A proof, too, that Australia is not such a bad place. Though Alan Jones was crucified, Bob Brown coarsely mocked, Barry O’Farrell rudely lampooned, and, in the Phantom of the Opera sketch and the nursing home sketch, four living Prime Ministers reduced to Stoppardian pantaloons, no Commonwealth Police arrived to arrest and punch the actors, trash the set and immolate the theatre, no libel writs were issued, no questions asked in the House or the Senate. For we were a democracy. We let laughter occur. We gave thought free rein.
And Barry O’Farrell came; and Gladys Berejiklian; and Bob Carr; and Mike Rann. Nathan Rees is coming on Thursday, and Wedderburn and Hawker, and Bill Shorten when it comes to Moonee Ponds, as he did last year, complaining only that it ‘let off Rudd too lightly’. Bob Hawke, Frank Sartor, Walt Secord and Reba Meagher in other years.
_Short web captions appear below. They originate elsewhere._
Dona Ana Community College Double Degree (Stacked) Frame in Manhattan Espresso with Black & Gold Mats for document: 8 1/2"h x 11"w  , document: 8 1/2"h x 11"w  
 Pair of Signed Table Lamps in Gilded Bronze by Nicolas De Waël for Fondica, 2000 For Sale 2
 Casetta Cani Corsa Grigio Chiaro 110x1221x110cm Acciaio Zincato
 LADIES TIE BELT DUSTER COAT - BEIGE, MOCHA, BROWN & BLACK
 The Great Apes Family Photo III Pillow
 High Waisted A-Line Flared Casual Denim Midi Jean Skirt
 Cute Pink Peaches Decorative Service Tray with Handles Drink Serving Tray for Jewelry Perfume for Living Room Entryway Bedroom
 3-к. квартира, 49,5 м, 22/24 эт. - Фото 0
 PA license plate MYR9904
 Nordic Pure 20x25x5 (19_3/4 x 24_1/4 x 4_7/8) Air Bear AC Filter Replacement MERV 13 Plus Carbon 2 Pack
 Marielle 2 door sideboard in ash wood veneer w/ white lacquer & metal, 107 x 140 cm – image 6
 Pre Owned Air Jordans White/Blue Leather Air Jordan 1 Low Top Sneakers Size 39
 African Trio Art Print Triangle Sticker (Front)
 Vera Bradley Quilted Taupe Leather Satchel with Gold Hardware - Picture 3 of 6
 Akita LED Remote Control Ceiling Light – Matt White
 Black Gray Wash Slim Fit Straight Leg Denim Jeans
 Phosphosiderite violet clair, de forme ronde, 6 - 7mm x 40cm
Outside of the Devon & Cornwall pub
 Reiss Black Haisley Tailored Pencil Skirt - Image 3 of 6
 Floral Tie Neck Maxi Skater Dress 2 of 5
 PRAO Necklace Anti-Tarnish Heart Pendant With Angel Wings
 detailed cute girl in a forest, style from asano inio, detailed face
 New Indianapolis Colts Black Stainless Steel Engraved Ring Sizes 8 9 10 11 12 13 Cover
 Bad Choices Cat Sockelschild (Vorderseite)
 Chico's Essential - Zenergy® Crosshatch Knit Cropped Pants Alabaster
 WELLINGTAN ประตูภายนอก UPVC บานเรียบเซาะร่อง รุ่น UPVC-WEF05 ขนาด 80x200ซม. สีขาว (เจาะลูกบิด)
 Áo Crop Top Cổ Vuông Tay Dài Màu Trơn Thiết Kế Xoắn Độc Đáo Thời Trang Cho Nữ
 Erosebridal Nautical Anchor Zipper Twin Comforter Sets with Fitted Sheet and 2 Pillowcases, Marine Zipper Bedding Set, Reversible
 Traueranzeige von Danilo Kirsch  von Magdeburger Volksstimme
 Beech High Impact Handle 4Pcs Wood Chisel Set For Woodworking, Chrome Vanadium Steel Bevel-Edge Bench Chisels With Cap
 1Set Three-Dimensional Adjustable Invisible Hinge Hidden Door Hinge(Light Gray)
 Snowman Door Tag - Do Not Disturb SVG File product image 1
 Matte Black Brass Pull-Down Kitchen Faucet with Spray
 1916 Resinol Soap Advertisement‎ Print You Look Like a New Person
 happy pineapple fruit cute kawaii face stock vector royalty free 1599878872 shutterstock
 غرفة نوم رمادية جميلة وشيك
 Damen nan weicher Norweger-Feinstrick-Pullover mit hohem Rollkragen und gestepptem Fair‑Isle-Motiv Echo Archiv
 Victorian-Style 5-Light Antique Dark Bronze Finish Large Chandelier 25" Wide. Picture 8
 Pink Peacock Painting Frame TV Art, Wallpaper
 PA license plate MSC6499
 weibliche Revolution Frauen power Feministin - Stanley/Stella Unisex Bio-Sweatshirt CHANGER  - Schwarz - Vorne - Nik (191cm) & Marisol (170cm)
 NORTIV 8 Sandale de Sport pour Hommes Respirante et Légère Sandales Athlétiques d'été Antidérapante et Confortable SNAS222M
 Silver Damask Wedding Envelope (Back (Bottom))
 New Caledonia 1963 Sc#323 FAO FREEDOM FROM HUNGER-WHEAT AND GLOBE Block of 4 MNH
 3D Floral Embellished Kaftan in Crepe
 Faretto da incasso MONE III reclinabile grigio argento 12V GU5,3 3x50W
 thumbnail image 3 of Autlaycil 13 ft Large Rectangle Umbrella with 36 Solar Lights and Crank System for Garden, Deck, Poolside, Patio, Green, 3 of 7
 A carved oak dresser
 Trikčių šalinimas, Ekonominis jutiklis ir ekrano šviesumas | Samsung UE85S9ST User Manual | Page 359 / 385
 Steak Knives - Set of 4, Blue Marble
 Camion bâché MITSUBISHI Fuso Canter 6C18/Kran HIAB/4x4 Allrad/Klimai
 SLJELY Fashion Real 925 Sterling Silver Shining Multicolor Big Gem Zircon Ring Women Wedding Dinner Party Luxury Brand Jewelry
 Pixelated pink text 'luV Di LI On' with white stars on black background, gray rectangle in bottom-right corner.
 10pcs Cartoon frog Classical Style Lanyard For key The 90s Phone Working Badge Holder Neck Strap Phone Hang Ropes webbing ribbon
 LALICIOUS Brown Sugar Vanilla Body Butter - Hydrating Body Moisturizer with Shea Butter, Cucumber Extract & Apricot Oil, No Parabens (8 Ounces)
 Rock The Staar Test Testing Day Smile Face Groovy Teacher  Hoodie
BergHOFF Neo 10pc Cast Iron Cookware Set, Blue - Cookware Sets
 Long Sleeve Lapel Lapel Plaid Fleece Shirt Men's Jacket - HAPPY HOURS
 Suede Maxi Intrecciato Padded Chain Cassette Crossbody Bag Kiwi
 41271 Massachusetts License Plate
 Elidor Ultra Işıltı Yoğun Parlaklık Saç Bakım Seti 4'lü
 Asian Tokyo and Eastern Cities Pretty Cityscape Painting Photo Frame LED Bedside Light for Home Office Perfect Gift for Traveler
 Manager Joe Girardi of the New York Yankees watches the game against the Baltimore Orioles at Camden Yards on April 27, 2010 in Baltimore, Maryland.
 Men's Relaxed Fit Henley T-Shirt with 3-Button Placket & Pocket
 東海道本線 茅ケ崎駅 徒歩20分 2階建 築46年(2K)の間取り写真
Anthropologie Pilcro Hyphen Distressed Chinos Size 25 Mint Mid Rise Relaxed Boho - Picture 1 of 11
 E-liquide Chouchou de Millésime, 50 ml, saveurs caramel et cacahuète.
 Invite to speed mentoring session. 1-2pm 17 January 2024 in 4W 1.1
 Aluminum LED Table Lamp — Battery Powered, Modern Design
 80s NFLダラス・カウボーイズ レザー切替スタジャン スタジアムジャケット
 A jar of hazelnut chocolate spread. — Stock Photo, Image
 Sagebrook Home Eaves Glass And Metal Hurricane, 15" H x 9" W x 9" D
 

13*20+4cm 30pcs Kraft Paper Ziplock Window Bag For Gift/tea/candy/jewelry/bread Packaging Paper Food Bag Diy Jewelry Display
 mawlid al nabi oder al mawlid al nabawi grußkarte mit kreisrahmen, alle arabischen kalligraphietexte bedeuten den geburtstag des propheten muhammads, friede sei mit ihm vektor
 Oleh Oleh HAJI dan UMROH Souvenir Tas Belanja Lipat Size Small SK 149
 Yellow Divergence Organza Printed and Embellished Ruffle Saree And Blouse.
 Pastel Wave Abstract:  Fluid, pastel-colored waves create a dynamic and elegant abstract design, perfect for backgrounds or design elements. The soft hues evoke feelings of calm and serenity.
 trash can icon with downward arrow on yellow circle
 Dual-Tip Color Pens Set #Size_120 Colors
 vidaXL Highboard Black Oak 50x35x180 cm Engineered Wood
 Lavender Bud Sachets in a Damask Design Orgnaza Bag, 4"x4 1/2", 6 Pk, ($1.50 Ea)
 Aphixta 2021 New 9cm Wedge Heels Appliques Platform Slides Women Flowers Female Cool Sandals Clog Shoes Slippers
But Simon Crean, the Minister for the Arts, has never heard of it for twelve long years thus far, which is much like saying Walter Ralegh missed thirty-four Shakespeare opening nights, and I’m sure he did. He’s going instead, he proudly and perkily asserted, ‘to Yes, Minister for my light entertainment.’ And Gillard of course, that perpetual tabula rasa, that impenetrable Terra Nullius, would never come, she does not like the live theatre, nor understand it, I imagine, even for a minute. What was this French Revolution? Why wasn’t I told?
I have written about the Wharf Revue in my books and columns for a decade now, calling it ‘my spare religion’, calling this one ‘the best thing of its kind in world history, but no better than that’ in these pages two months ago. And the grief I feel for those, and those friends of mine in particular, who imagined they had something better to do on the four or five hundred nights they could have seen it, driving to Gosford or Lismore or Bathurst or Wollongong or flying to Hobart or Nunanwading, grows to murderous resentment sometimes and I want to waterboard the lot of them, and speak to them severely while they choke and plead and suffer.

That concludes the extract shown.